Algérie

L'université se réapproprie le combat



La mobilisation d'hier aura démontré que le passage de témoin s'est effectué entre les précurseurs de la revendication amazighe et les nouvelles générations.Ils étaient des milliers à avoir battu le pavé hier dans les principales villes de Kabylie. Jeunes et moins jeunes, des militants de partis ou d'associations et autres citoyens anonymes ont répondu massivement à l'appel des collectifs des étudiants pour réclamer, de nouveau, la promotion de tamazight, sa prise en charge effective et le rejet de la loi de finances.
Qu'elle soit l'?uvre de manipulateurs, marionnettistes de l'ombre, comme tentent de les qualifier les relais du pouvoir, y compris au sein des médias, ou inspirés par le rejet de l'amendement introduit par le Parti des travailleurs, force est d'admettre que l'ampleur de la mobilisation, au-delà de la "piqure de rappel" au pouvoir sur les engagements qu'il est tenu d'honorer, nous administre quelques leçons. D'abord, que l'attachement à la langue amazighe demeure très fort au sein de la population de Kabylie en dépit de toutes les entreprises d'aliénation.

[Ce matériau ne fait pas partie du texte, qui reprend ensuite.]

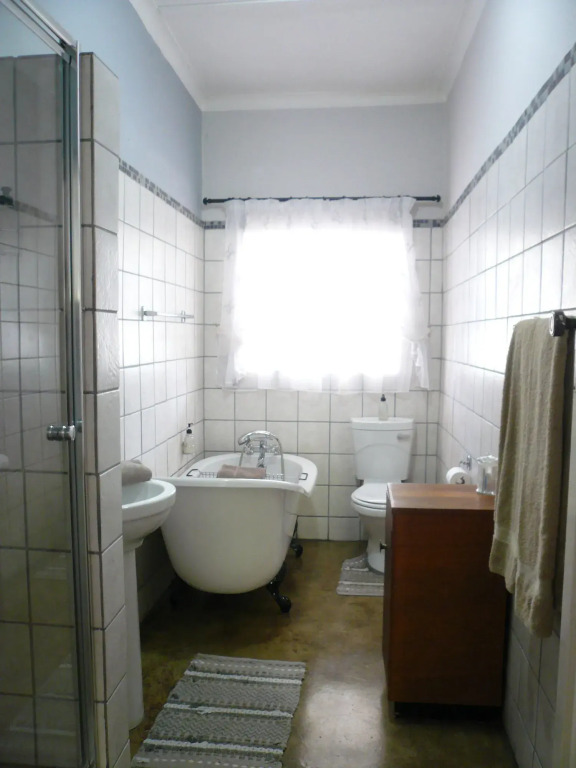 17 on Bird Guest House
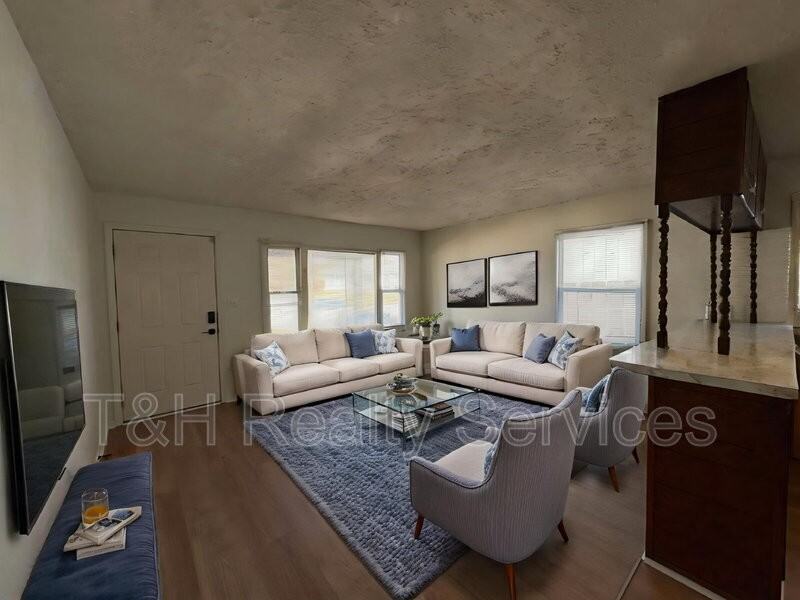 1261 W 32nd St - Photo 3 of 18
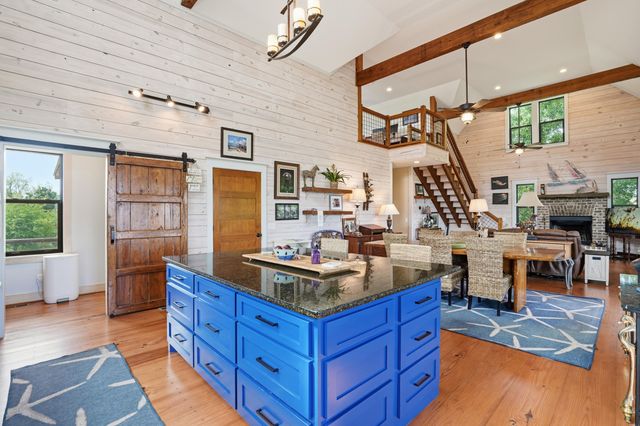 1692 Wharf Ferry Road, Edisto Island, SC 29438
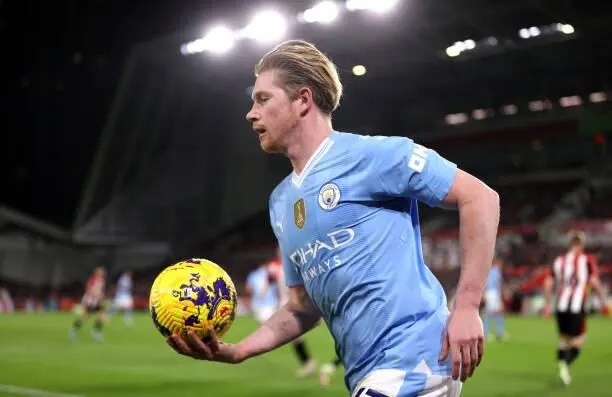 Kevin De Bruyne thực hiện một tình huống phối hợp từ quả đá phạt góc trong trận đấu giữa Manchester City và Brentford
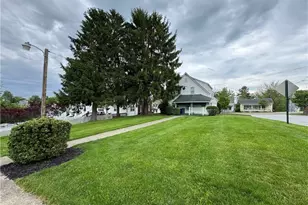 211 E Main St, St Clairsville, OH 43950 - Photo 25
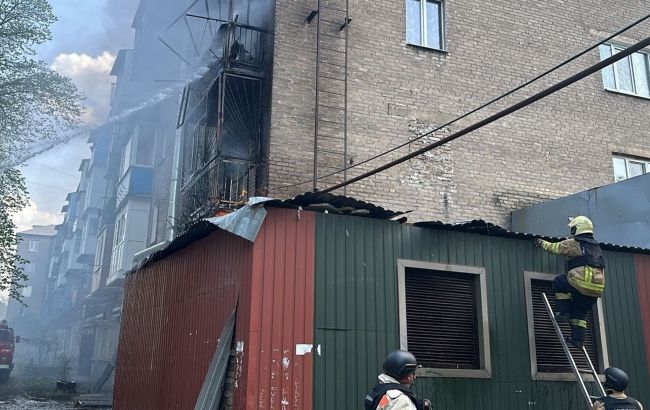 Россияне ударили по пятиэтажке в Константиновке: есть пострадавшие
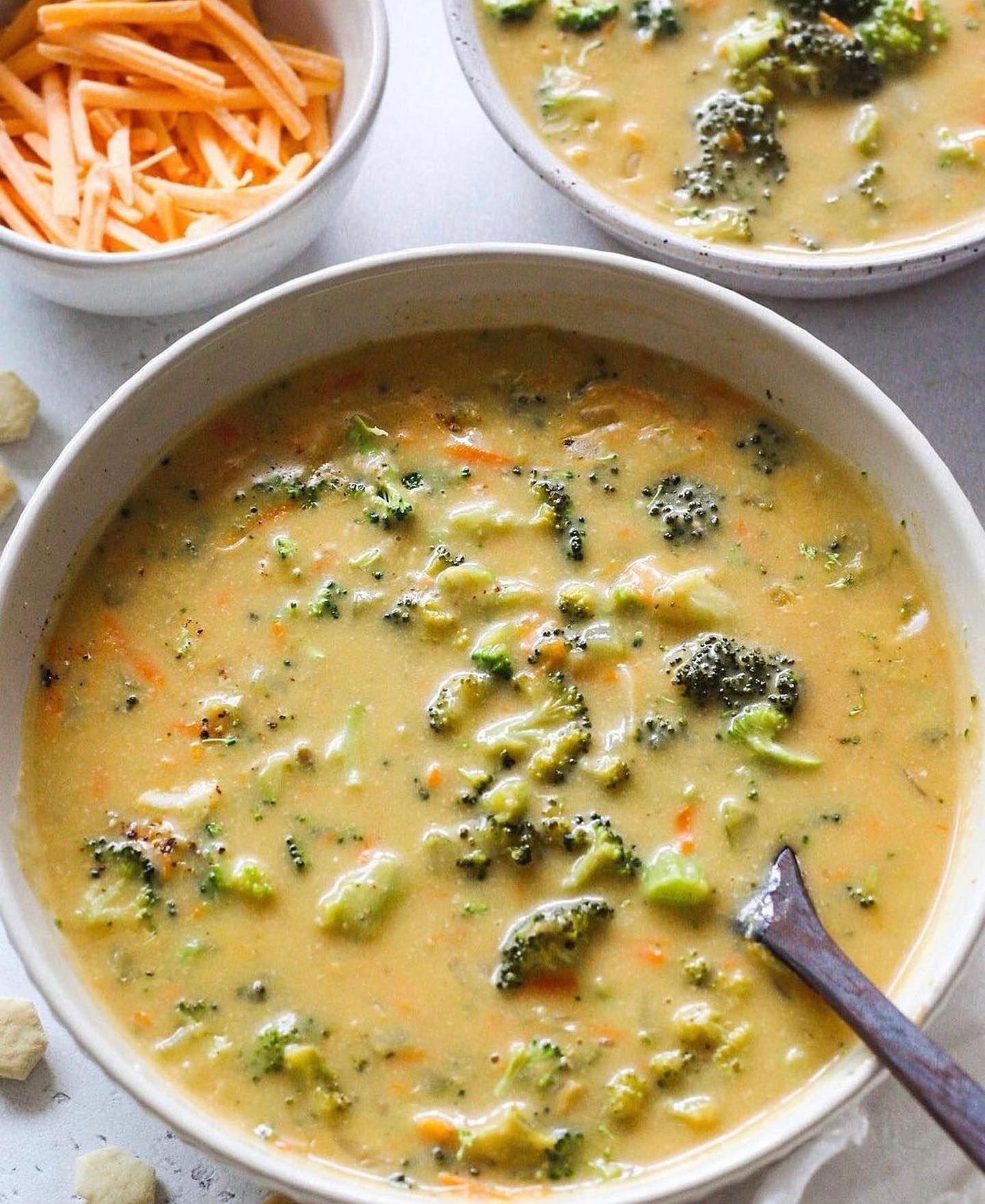 One-Pot Broccoli and Cheddar Soup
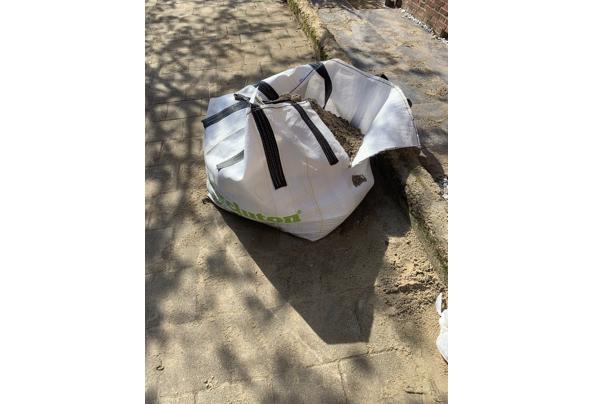Gratis halve kuub schoon straatzand - Afbeelding-van-WhatsApp-op-2025-04-11-om-12-19-53_2d9d960e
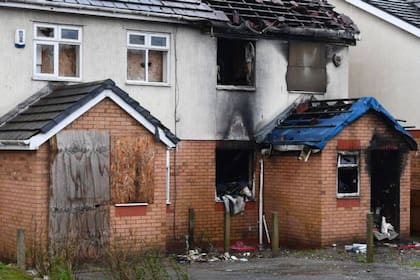 Las ventanas fueron rotas a piedrazos y algunas casas prendidas fuego en Primrose Court, un vecindario con muchos problemas de seguridad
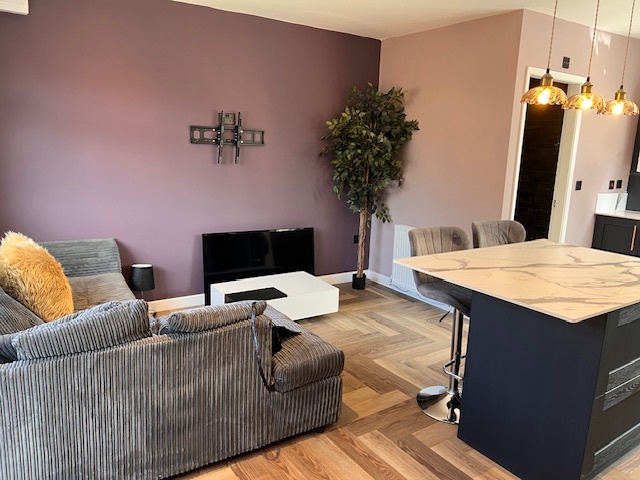 Studio Flat, Nottingham, NG5 photo 2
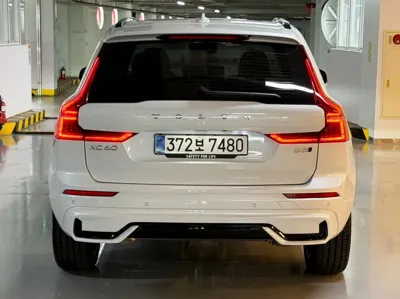 Volvo XC60 2026, 2209 км, за 41354.86 USD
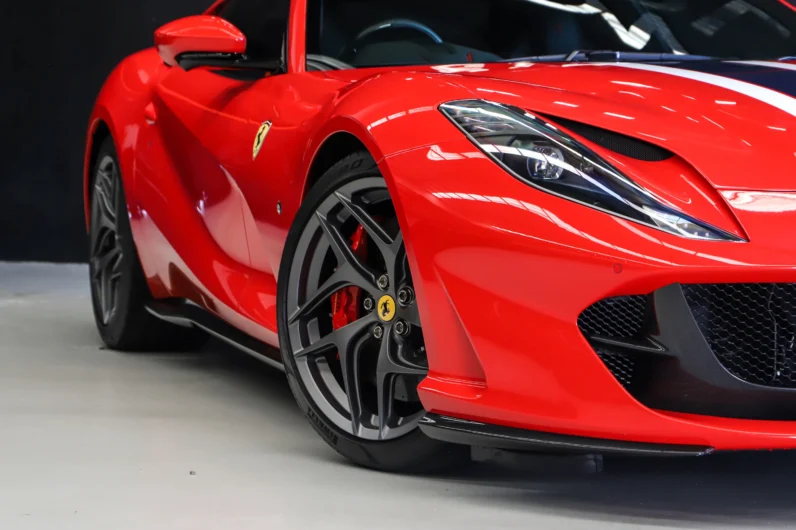 
								2021 Ferrari 812 Superfast full									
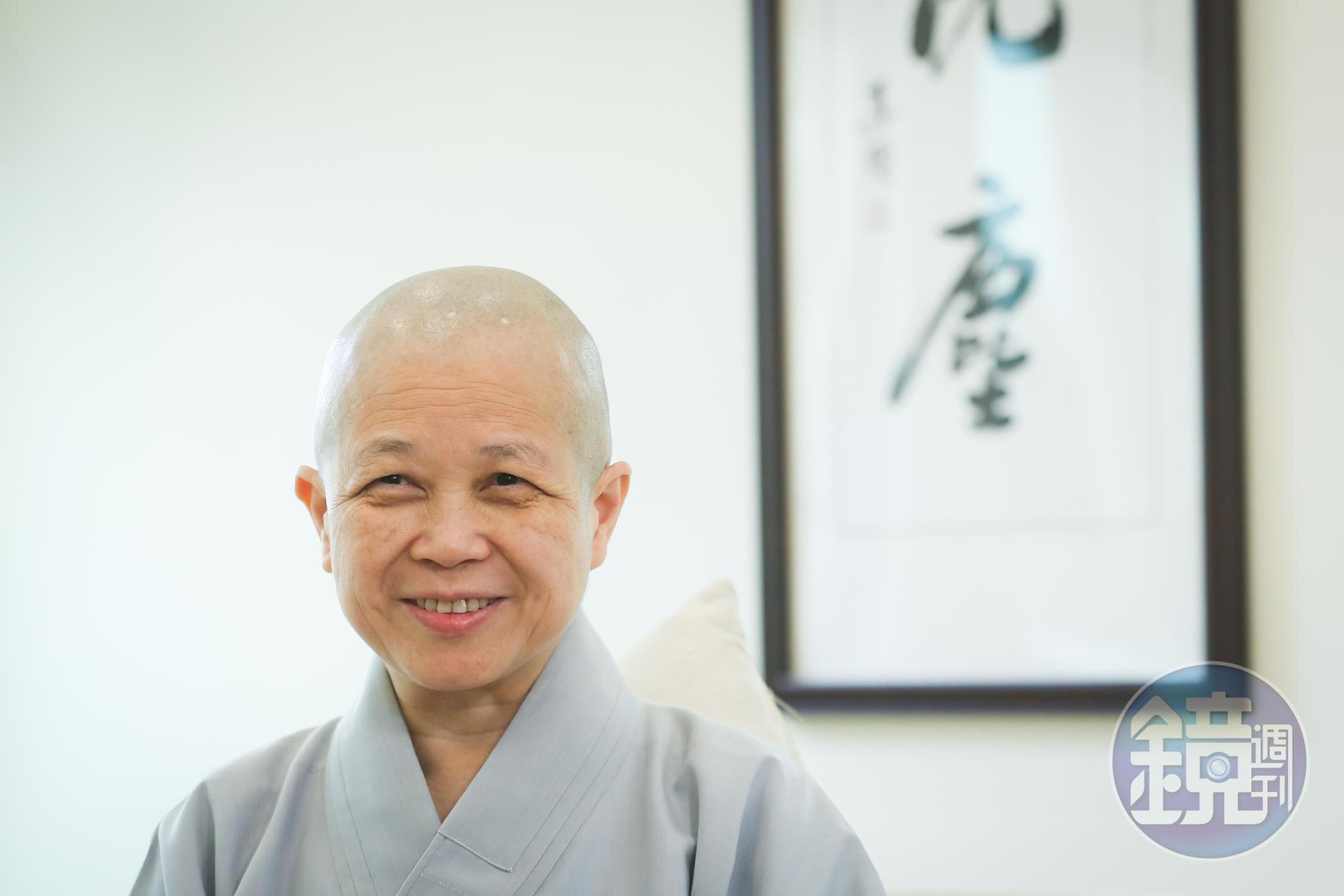 釋昭慧笑起來如菩薩低眉，但遇到該據理以爭的事情，她常以「怒目金剛」的方式表達意見。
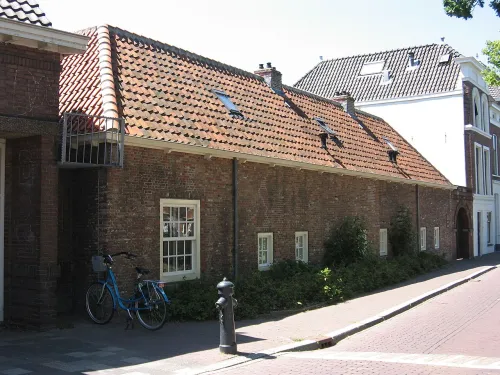 Klaeuwshofje in Delft, Station 7 auf dem selbstgeführten Stadtrundgang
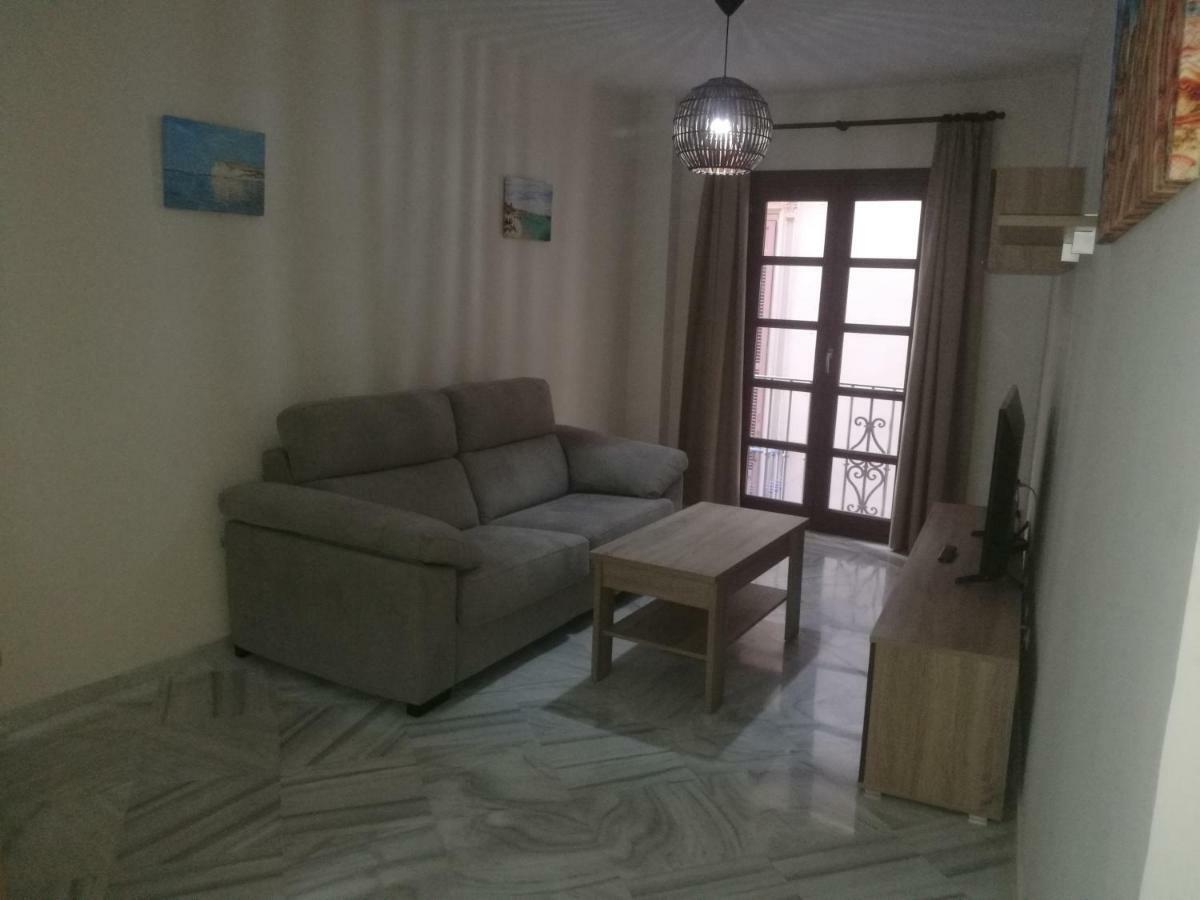 Apartamentos Edificio Vicente Малага Экстерьер фото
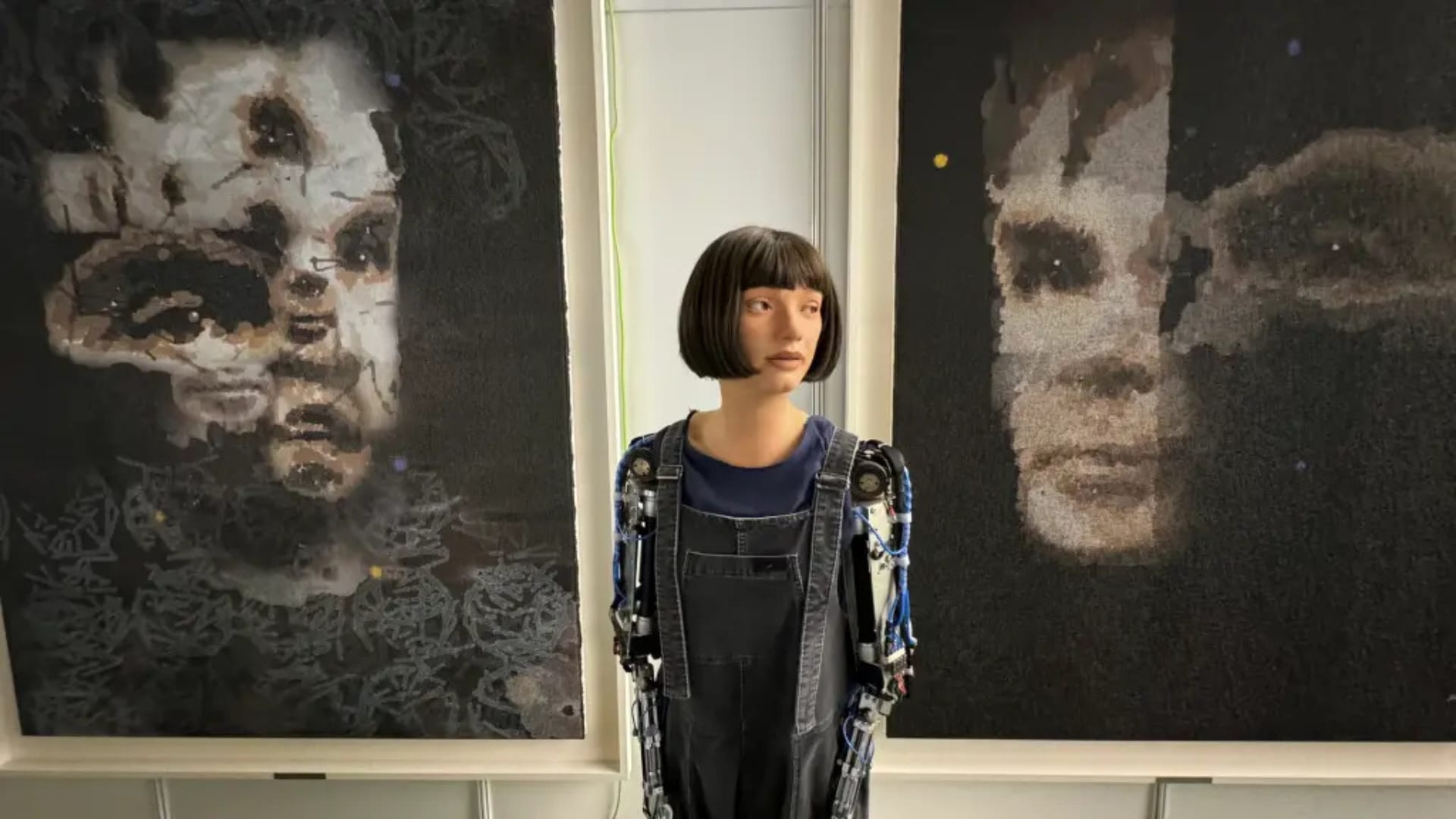 スーパーセール期間限定 全球首次AI机器人画作被拍卖或拍出23万元- 8world 絵画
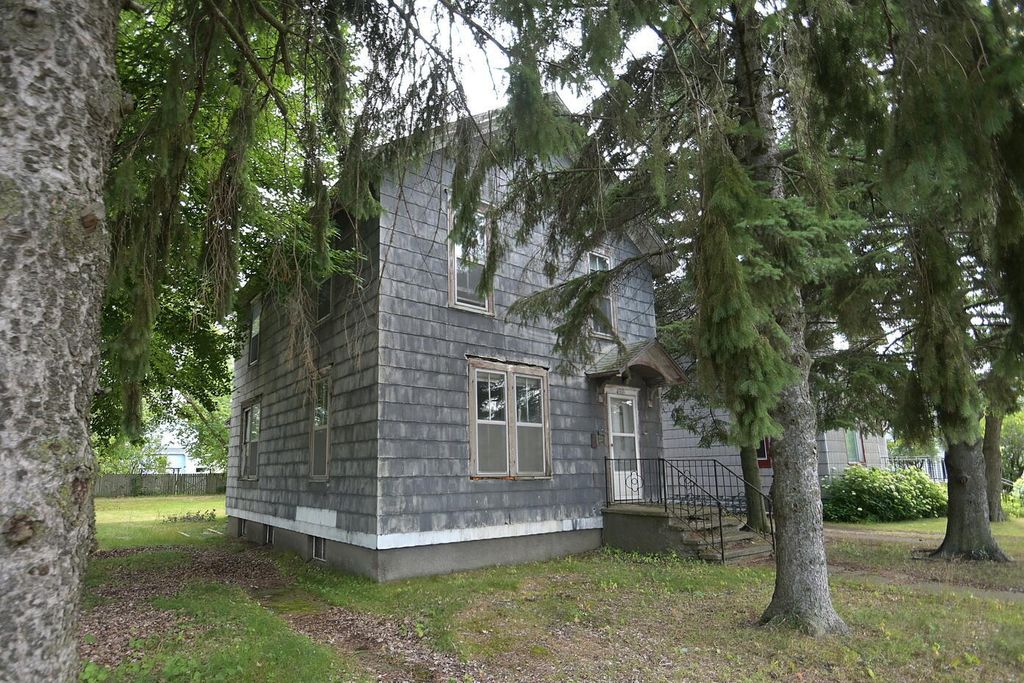 1621 13th Avenue, Menominee city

L'objectif non avoué, subrepticement mis en ?uvre par les tenants d'une idéologie sectaire et uniciste, consistant en l'interruption de la transmission intergénérationnelle de la langue et de la culture amazighes, n'aura pas finalement opéré. La mobilisation d'hier aura démontré que le passage de témoin s'est effectué entre les précurseurs de la revendication amazighe et les nouvelles générations, malgré tous les facteurs de parasitage, y compris exogènes.
Ensuite, les ressorts de résistance demeurent intacts. Jusqu'il y a peu, on a décrété que le renoncement a gagné des pans entiers de la population. Et que la mondialisation, le discrédit de l'exercice politique, la corruption, la crise de confiance et le combat avorté du mouvement des arouchs ont fini par décourager les plus téméraires. Enfin, et c'est sans aucun doute la leçon la plus importante, c'est le retour de l'université au devant du combat pour la promotion de tamazight et, au-delà, du combat pour la démocratie et l'émancipation citoyenne. Parce qu'elle avait cessé de jouer le rôle qui est le sien, celui de locomotive de la société, au-delà de son caractère de pôle de rayonnement culturel et scientifique, l'université algérienne a fini par se confondre avec ces institutions mises au pas à telle enseigne qu'en novembre 2015, le ministère de l'Enseignement supérieur ne s'était pas empêché d'instruire les recteurs pour interdire toute activité politique au sein des campus. "Les responsables d'institution de l'enseignement supérieur et de la recherche scientifique sont instruits d'interdire toute activité politique au sein des établissements universitaires", avait notifié le ministère. "Toute rencontre ou activité partisane organisée, sous quelque forme que ce soit, dans l'enceinte des établissements, est contraire à la vocation originelle de ces établissements et aux missions qui lui sont dévolues", selon le ministère.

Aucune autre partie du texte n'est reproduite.